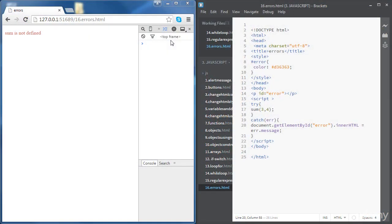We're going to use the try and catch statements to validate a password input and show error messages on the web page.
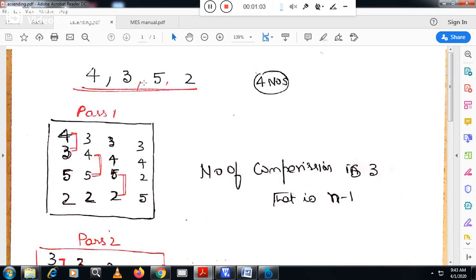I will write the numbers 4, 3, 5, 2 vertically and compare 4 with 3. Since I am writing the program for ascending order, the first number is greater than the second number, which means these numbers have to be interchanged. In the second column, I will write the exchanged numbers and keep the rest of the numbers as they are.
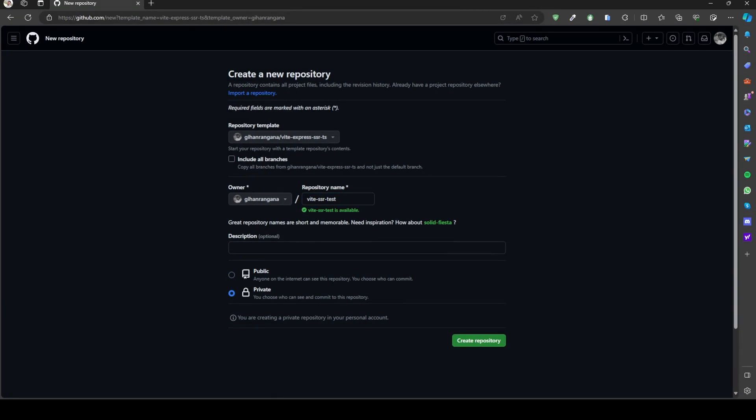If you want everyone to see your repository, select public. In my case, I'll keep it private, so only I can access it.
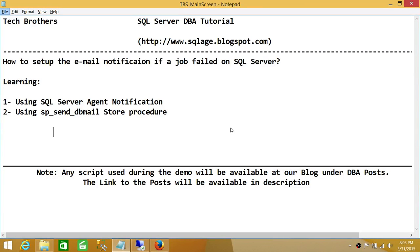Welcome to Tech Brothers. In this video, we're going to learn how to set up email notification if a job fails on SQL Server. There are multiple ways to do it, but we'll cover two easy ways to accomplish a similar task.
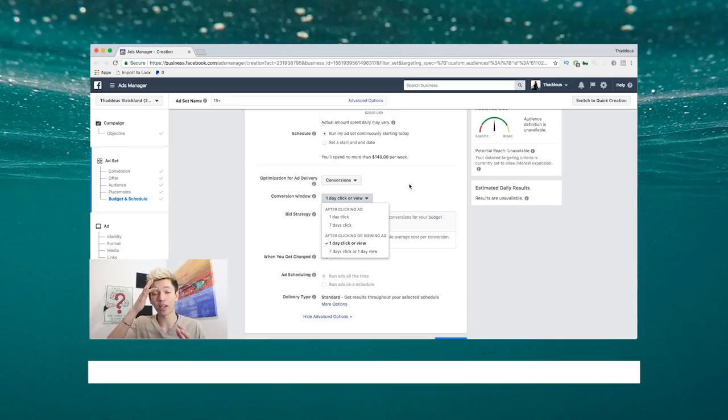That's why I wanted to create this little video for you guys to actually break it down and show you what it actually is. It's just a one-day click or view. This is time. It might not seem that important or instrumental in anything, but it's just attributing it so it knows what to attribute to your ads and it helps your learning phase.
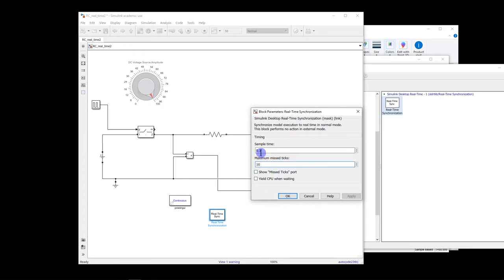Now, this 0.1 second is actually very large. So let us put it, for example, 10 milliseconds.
● ● ● ● ●
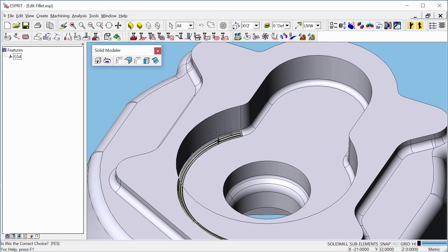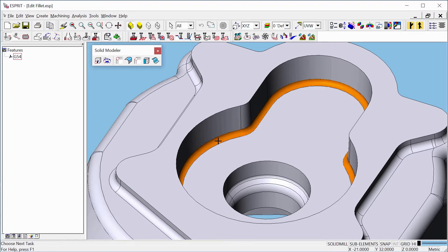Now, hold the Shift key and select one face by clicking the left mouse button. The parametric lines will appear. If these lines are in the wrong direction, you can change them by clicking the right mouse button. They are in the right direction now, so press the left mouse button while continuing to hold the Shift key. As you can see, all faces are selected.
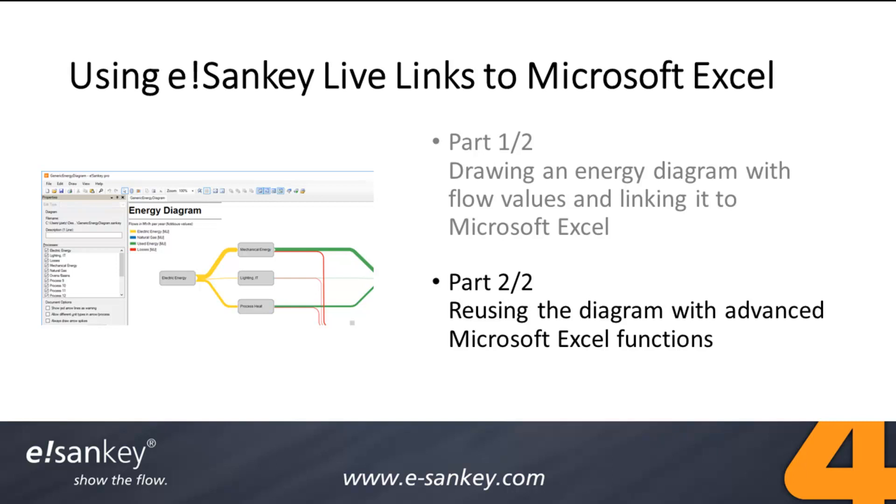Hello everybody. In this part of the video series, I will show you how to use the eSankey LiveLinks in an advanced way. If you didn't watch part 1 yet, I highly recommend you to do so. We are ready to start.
● ● ● ● ●
Task to carry out - No picture is to be printed. Output exactly the lines above from the line containing "We're going to use" through the line containing "Now, this 0.1".

Solved problem -
We're going to use the try and catch statements to validate a password input and show error messages on the web page.
I will write the numbers 4, 3, 5, 2 vertically and compare 4 with 3. Since I am writing the program for ascending order, the first number is greater than the second number, which means these numbers have to be interchanged. In the second column, I will write the exchanged numbers and keep the rest of the numbers as they are.
If you want everyone to see your repository, select public. In my case, I'll keep it private, so only I can access it.
Welcome to Tech Brothers. In this video, we're going to learn how to set up email notification if a job fails on SQL Server. There are multiple ways to do it, but we'll cover two easy ways to accomplish a similar task.
That's why I wanted to create this little video for you guys to actually break it down and show you what it actually is. It's just a one-day click or view. This is time. It might not seem that important or instrumental in anything, but it's just attributing it so it knows what to attribute to your ads and it helps your learning phase.
Now, this 0.1 second is actually very large. So let us put it, for example, 10 milliseconds.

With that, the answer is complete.